What is needed: Every entry must be repeated exactly in the answer.

--- Exercise materials ---

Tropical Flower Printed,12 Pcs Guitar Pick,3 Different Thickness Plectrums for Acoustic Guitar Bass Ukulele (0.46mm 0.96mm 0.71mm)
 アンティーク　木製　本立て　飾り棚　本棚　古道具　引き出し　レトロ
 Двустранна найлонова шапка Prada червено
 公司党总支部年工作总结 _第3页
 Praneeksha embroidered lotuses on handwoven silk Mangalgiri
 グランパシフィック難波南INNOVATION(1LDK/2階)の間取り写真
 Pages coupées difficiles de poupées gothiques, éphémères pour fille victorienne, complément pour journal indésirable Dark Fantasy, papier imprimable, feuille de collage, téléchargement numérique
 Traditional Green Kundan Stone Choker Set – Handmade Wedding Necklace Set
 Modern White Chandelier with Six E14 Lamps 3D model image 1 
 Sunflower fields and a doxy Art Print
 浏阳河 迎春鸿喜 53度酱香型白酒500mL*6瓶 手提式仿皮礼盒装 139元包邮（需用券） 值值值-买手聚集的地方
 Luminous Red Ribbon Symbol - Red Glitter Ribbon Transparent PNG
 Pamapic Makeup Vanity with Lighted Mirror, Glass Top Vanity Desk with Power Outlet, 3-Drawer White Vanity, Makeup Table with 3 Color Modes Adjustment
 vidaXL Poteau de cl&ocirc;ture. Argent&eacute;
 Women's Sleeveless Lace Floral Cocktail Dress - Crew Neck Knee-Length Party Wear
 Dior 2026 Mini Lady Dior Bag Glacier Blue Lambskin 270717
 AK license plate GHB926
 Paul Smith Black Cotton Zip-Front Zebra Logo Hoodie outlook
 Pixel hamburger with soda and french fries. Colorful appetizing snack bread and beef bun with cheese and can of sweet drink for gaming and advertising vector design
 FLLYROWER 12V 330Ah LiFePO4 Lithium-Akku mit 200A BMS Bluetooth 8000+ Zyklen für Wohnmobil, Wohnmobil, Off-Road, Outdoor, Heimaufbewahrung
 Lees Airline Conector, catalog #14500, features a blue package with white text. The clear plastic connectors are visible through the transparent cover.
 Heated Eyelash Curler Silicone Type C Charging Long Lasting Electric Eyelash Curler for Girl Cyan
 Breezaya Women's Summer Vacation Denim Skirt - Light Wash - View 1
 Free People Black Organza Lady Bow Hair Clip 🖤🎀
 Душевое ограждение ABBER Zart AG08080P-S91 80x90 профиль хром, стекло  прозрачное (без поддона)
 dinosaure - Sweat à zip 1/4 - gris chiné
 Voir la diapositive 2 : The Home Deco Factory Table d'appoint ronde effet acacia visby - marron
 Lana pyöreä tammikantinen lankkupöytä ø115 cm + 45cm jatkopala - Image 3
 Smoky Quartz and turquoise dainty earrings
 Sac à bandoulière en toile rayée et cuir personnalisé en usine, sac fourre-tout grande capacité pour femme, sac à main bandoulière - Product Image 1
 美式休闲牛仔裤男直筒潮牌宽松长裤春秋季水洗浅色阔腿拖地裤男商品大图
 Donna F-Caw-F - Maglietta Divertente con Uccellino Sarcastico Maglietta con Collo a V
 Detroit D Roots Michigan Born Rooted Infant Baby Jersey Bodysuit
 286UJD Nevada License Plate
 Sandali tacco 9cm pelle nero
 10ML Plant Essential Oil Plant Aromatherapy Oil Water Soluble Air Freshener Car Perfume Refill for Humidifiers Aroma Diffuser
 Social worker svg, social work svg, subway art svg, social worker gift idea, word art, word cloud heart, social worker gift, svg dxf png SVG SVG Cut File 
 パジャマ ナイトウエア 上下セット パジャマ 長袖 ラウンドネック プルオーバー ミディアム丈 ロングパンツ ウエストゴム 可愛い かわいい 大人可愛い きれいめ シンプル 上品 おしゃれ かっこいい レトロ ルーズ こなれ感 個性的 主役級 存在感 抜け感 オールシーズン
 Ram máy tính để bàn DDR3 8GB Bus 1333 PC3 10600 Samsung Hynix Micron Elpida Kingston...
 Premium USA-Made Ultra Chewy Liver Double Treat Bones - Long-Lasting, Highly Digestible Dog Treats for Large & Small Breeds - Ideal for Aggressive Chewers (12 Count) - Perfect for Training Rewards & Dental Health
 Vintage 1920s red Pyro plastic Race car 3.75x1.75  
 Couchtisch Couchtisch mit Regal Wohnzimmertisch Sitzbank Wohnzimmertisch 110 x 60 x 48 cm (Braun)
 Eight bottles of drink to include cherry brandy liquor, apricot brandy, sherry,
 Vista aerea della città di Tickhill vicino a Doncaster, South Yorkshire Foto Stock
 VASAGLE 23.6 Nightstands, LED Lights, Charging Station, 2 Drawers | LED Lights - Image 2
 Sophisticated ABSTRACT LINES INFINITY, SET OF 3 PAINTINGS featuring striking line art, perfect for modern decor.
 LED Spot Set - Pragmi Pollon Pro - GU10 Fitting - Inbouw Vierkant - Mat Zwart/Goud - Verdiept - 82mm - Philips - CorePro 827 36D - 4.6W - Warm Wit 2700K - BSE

---

Task answer:
Tropical Flower Printed,12 Pcs Guitar Pick,3 Different Thickness Plectrums for Acoustic Guitar Bass Ukulele (0.46mm 0.96mm 0.71mm)
 アンティーク　木製　本立て　飾り棚　本棚　古道具　引き出し　レトロ
 Двустранна найлонова шапка Prada червено
 公司党总支部年工作总结 _第3页
 Praneeksha embroidered lotuses on handwoven silk Mangalgiri
 グランパシフィック難波南INNOVATION(1LDK/2階)の間取り写真
 Pages coupées difficiles de poupées gothiques, éphémères pour fille victorienne, complément pour journal indésirable Dark Fantasy, papier imprimable, feuille de collage, téléchargement numérique
 Traditional Green Kundan Stone Choker Set – Handmade Wedding Necklace Set
 Modern White Chandelier with Six E14 Lamps 3D model image 1 
 Sunflower fields and a doxy Art Print
 浏阳河 迎春鸿喜 53度酱香型白酒500mL*6瓶 手提式仿皮礼盒装 139元包邮（需用券） 值值值-买手聚集的地方
 Luminous Red Ribbon Symbol - Red Glitter Ribbon Transparent PNG
 Pamapic Makeup Vanity with Lighted Mirror, Glass Top Vanity Desk with Power Outlet, 3-Drawer White Vanity, Makeup Table with 3 Color Modes Adjustment
 vidaXL Poteau de cl&ocirc;ture. Argent&eacute;
 Women's Sleeveless Lace Floral Cocktail Dress - Crew Neck Knee-Length Party Wear
 Dior 2026 Mini Lady Dior Bag Glacier Blue Lambskin 270717
 AK license plate GHB926
 Paul Smith Black Cotton Zip-Front Zebra Logo Hoodie outlook
 Pixel hamburger with soda and french fries. Colorful appetizing snack bread and beef bun with cheese and can of sweet drink for gaming and advertising vector design
 FLLYROWER 12V 330Ah LiFePO4 Lithium-Akku mit 200A BMS Bluetooth 8000+ Zyklen für Wohnmobil, Wohnmobil, Off-Road, Outdoor, Heimaufbewahrung
 Lees Airline Conector, catalog #14500, features a blue package with white text. The clear plastic connectors are visible through the transparent cover.
 Heated Eyelash Curler Silicone Type C Charging Long Lasting Electric Eyelash Curler for Girl Cyan
 Breezaya Women's Summer Vacation Denim Skirt - Light Wash - View 1
 Free People Black Organza Lady Bow Hair Clip 🖤🎀
 Душевое ограждение ABBER Zart AG08080P-S91 80x90 профиль хром, стекло  прозрачное (без поддона)
 dinosaure - Sweat à zip 1/4 - gris chiné
 Voir la diapositive 2 : The Home Deco Factory Table d'appoint ronde effet acacia visby - marron
 Lana pyöreä tammikantinen lankkupöytä ø115 cm + 45cm jatkopala - Image 3
 Smoky Quartz and turquoise dainty earrings
 Sac à bandoulière en toile rayée et cuir personnalisé en usine, sac fourre-tout grande capacité pour femme, sac à main bandoulière - Product Image 1
 美式休闲牛仔裤男直筒潮牌宽松长裤春秋季水洗浅色阔腿拖地裤男商品大图
 Donna F-Caw-F - Maglietta Divertente con Uccellino Sarcastico Maglietta con Collo a V
 Detroit D Roots Michigan Born Rooted Infant Baby Jersey Bodysuit
 286UJD Nevada License Plate
 Sandali tacco 9cm pelle nero
 10ML Plant Essential Oil Plant Aromatherapy Oil Water Soluble Air Freshener Car Perfume Refill for Humidifiers Aroma Diffuser
 Social worker svg, social work svg, subway art svg, social worker gift idea, word art, word cloud heart, social worker gift, svg dxf png SVG SVG Cut File 
 パジャマ ナイトウエア 上下セット パジャマ 長袖 ラウンドネック プルオーバー ミディアム丈 ロングパンツ ウエストゴム 可愛い かわいい 大人可愛い きれいめ シンプル 上品 おしゃれ かっこいい レトロ ルーズ こなれ感 個性的 主役級 存在感 抜け感 オールシーズン
 Ram máy tính để bàn DDR3 8GB Bus 1333 PC3 10600 Samsung Hynix Micron Elpida Kingston...
 Premium USA-Made Ultra Chewy Liver Double Treat Bones - Long-Lasting, Highly Digestible Dog Treats for Large & Small Breeds - Ideal for Aggressive Chewers (12 Count) - Perfect for Training Rewards & Dental Health
 Vintage 1920s red Pyro plastic Race car 3.75x1.75  
 Couchtisch Couchtisch mit Regal Wohnzimmertisch Sitzbank Wohnzimmertisch 110 x 60 x 48 cm (Braun)
 Eight bottles of drink to include cherry brandy liquor, apricot brandy, sherry,
 Vista aerea della città di Tickhill vicino a Doncaster, South Yorkshire Foto Stock
 VASAGLE 23.6 Nightstands, LED Lights, Charging Station, 2 Drawers | LED Lights - Image 2
 Sophisticated ABSTRACT LINES INFINITY, SET OF 3 PAINTINGS featuring striking line art, perfect for modern decor.
 LED Spot Set - Pragmi Pollon Pro - GU10 Fitting - Inbouw Vierkant - Mat Zwart/Goud - Verdiept - 82mm - Philips - CorePro 827 36D - 4.6W - Warm Wit 2700K - BSE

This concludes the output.